A questo punto le domande del nostro lettore sono due. La prima è: non potendo partecipare al culto nella chiesa che consideriamo «giusta», «si può sopperire a questa lacuna partecipando al culto domenicale di un’altra chiesa (di cui magari non si condivide granché)?». Rispondo di sì, purché in questa chiesa diversa dalla nostra si predichi la Parola di Dio, e non qualcos’altro, perché di null’altro la fede ha tanto bisogno come della Parola di Dio predicata. «Predicare la Parola di Dio» è certo una frase generica, ma ci sono due criteri che ci aiutano a individuarla: il primo è che sia fondata sulla Bibbia e da essa sostanziata; il secondo è che ruoti intorno a Cristo. La seconda domanda è: «Che ruolo hanno, in questa prospettiva, gli scambi di idee via Internet con altri fratelli in fede?». Risponderei così: possono svolgere un ruolo importante sia per tenere viva e alimentare la riflessione della fede attraverso il dialogo e il confronto, sia per rompere l’isolamento in cui fatalmente vengono a trovarsi i cristiani «apolidi», che sono per definizione (e per scelta) cristiani nella diaspora. Dev’essere però chiaro che nessuna chiesa telematica e virtuale (se così la si può chiamare), per quanto importante possa essere ed effettivamente sia soprattutto per chi vive in diaspora, può diventare la chiesa reale.

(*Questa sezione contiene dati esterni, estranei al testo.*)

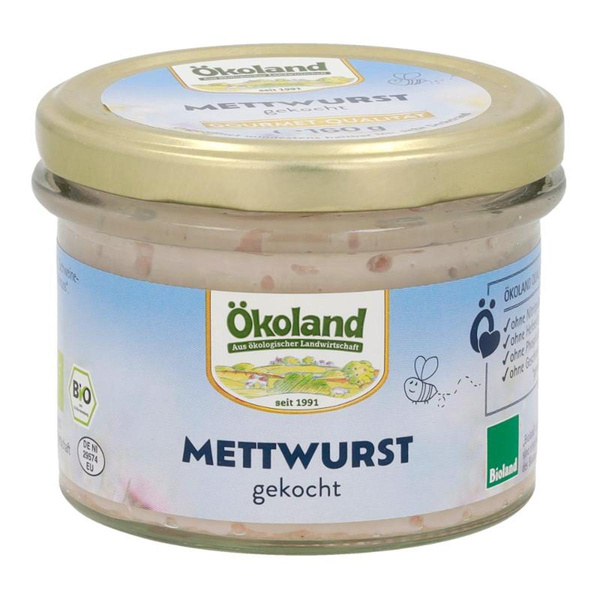 Produktfoto zu Mettwurst gekocht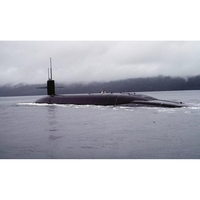 USS Ohio Submarine (SSBN-726) 36 Inches Model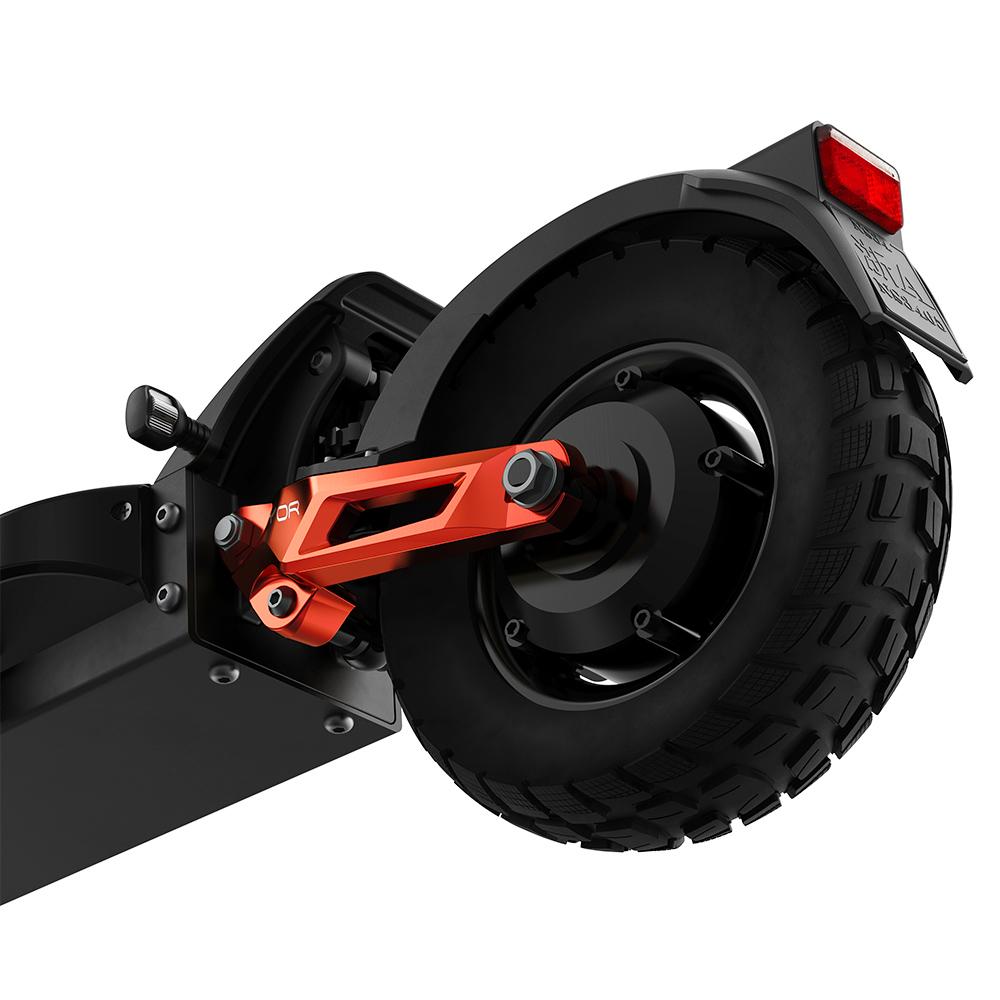 Joyor T6E Pro Electric Scooter with ABE Certification, 500W Motor, 48V 26Ah Battery, 10 inch Tires, 20km/h Max Speed, 90km Range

Detto questo, mi permetto di dare al nostro lettore (e a quanti si trovano in una situazione simile alla sua) un triplice consiglio.
[a] Si iscriva comunque a una chiesa (più o meno «giusta» che sia) come membro effettivo, anche se impossibilitato a frequentarla, e si mantenga in contatto epistolare con essa, quanto meno con il pastore. La chiesa infatti è un corpo (come noi!), non solo un’anima. È importante che la nostra appartenenza a Cristo e alla sua chiesa si manifesti anche «corporalmente », attraverso l’appartenenza a un «corpo» storico concreto, per quanto imperfetto.

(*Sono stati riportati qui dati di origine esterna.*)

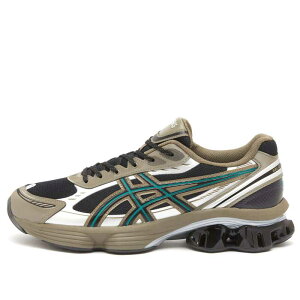 �A�V�b�N�X �����Y �V���[�Y �X�j�[�J�[ Asics Gel-Kinetic Fluent Black & Dark Taupe �u���b�N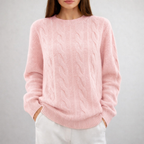Senna | Slim Fit Crew Neck Sweater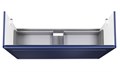Комплект Тумба Azario Belloni 80 795х450х400 подвесная, механизм открывания Push to Open, с раковиной Астория 80, синий (CS00098084) CS00098084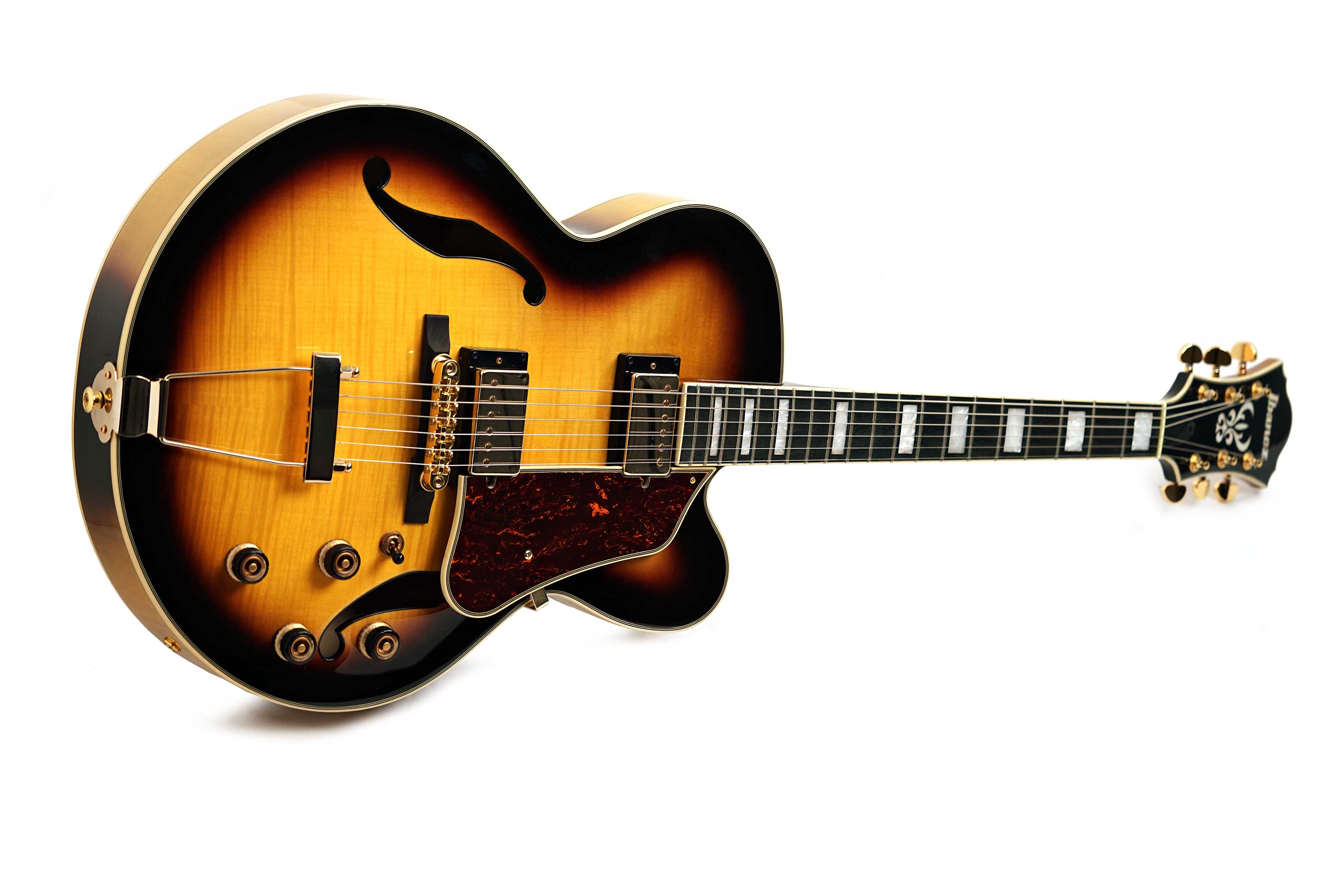 Ibanez 2024 Artcore AF95FM Violin Sunburst (Pre-Owned) #PW24070032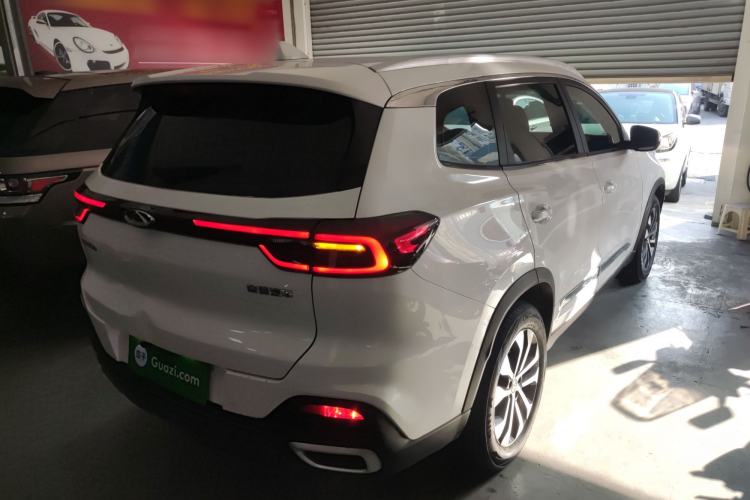 Used Chery Tiggo 8 2019 1.5 TCI Automatic Fashion Model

I cristiani, oltre che «membra di Cristo» (I Corinzi 6, 15), sono anche «membra gli uni degli altri» (Romani 12, 5).
[b] Resti unito alla chiesa di Cristo sparsa per il mondo attraverso la lettura quotidiana della Bibbia (utilizzando, a esempio, il lezionario Un giorno, una parola), la preghiera, la testimonianza personale della fede e le opere dell’amore. [c] Cerchi di creare a casa sua, con amici e conoscenti, una piccola «chiesa domestica» che fu, come risulta dal Nuovo Testamento, la prima forma di esistenza della chiesa cristiana nascente. Chissà che non sia proprio quella la chiesa «giusta » che un cristiano «apolide» ha cercato a lungo, forse senza trovarla mai.